The Road to Debugging Success
A colleague recently asked me how to debug a Linux embedded system that crashed in the Unix shell (and only there), when its memory got filled through the buffer cache. He added that when he emptied the buffer cache the crash no longer occurred.
One may indeed solve this problem through technical brilliance: understanding the interaction that can lead to this situation. This is probably the input my colleague expected from me; a recommendation to add
FOOBAR=xyzzy in file
/boot/config.bliz. However, in most cases we lack the knowledge and experience for troubleshooting problems through this path. Therefore, the road that actually works involves more humdrum drudge work.

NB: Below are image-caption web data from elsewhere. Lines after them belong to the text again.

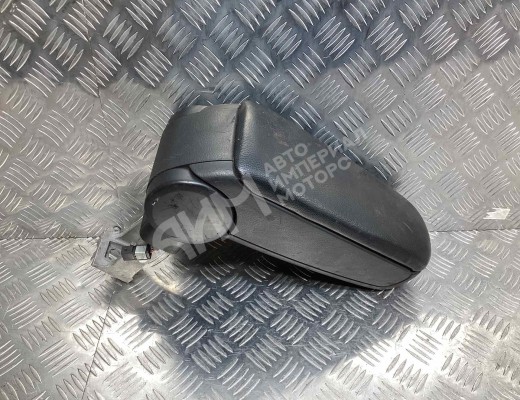 Подлокотник Audi A4 B6 (8EC, 8E5) 2000-2004  Audi A4 A4 B6 (8EC, 8E5) 2000-2004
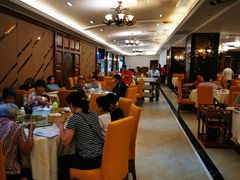 大堂-海澄轩海鲜酒家(虎门店)
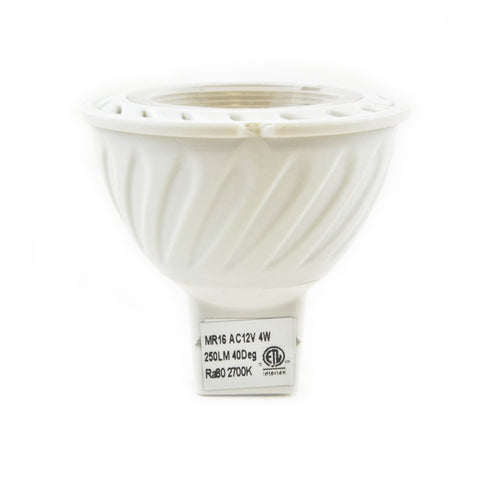 MR16 LED Light Bulbs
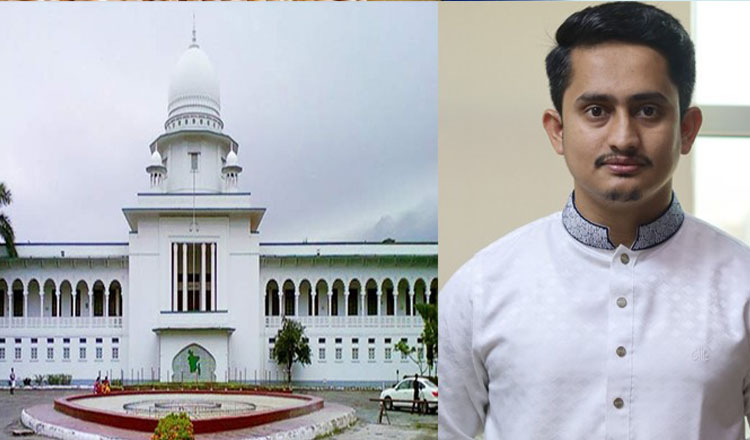 হাইকোর্ট সারজিস আলমের বিরুদ্ধে আদালত অবমাননার আবেদনটি পর্যবেক্ষণসহ নিষ্পত্তি করেছে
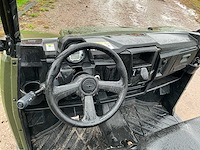 Polaris ranger 800 4x4 site carrière - afbeelding 5 van  24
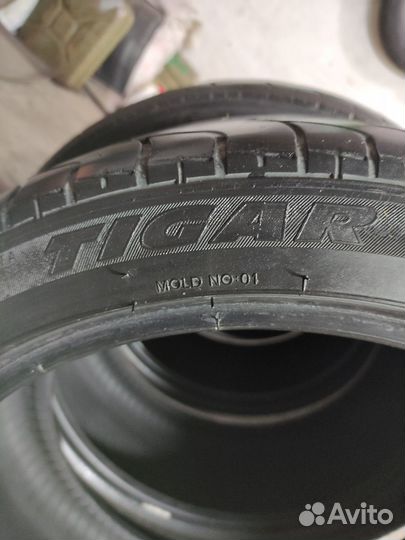 Tigar Syneris 205/45 R17 88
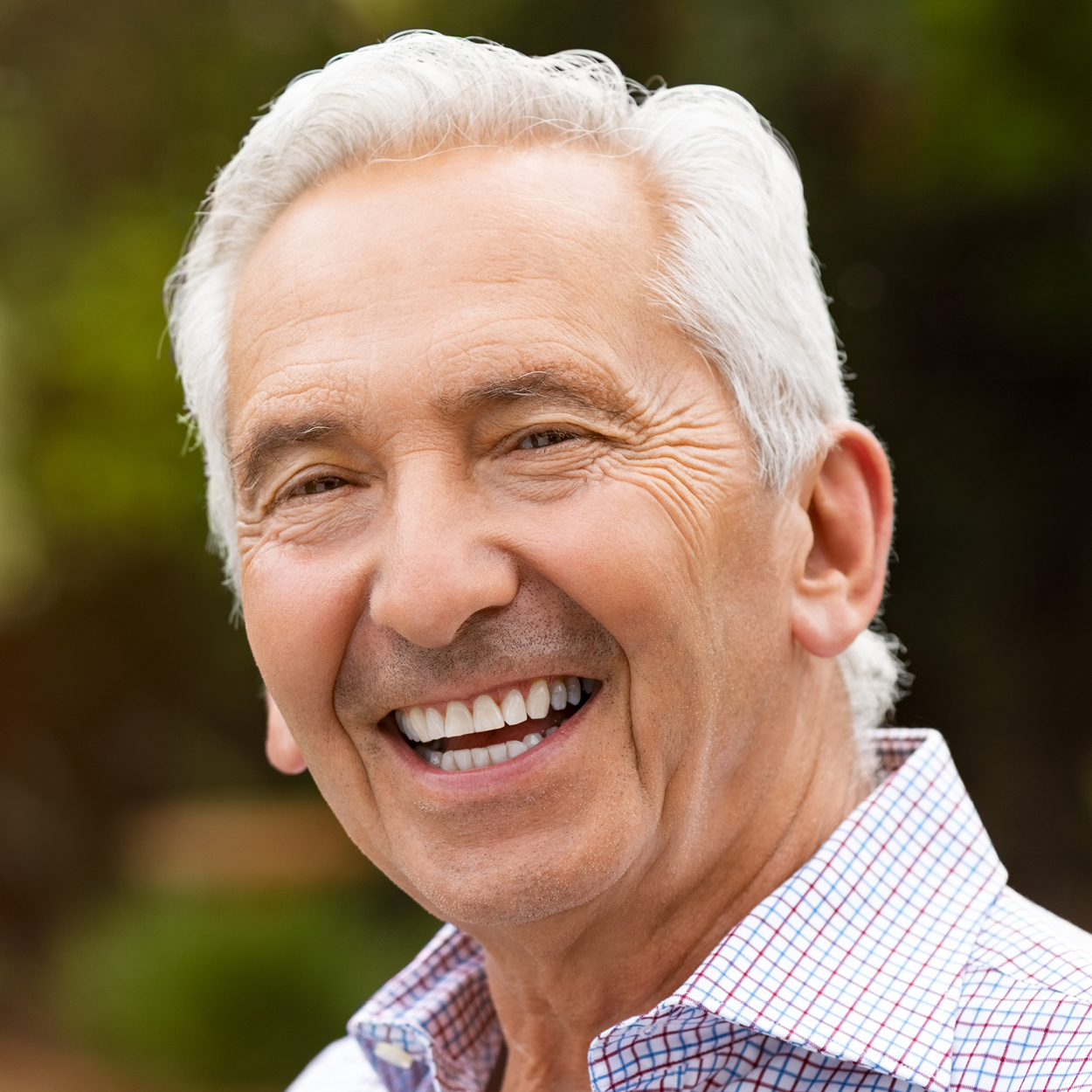 Dental Implant Restorations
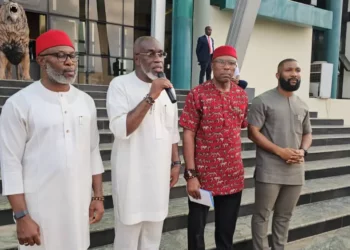 Enugu Govt Approves N183bn For 141 Urban, 20 Rural Roads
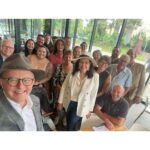 Anthony Albanese Instagram - Chatting with wonderful locals over a coffee at @groundstonecafe in Orange, NSW. Orange, New South Wales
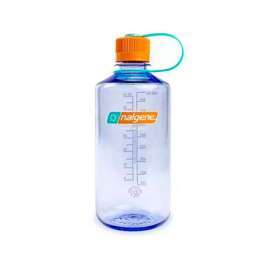 NALGENE NARROW MOUTH WATER BOTTLE 1000ML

- Examining logs and adding logging statements
- Tracing packets or system calls
- Enabling debugging support and running a debugger
- Adding test cases
- Reviewing recent code changes
- Constructing a minimal failing test case
In this case I recommended two actions:
- Compile bash with debugging support to see where it crashes
- Run a memory diagnostic test
Both actions require work: downloading the source code of bash and compiling it, or finding a suitable memory diagnostic test and hooking up a console to the embedded system. However, these are the actions that can uncover the fault, or at least provide clues for narrowing down on it.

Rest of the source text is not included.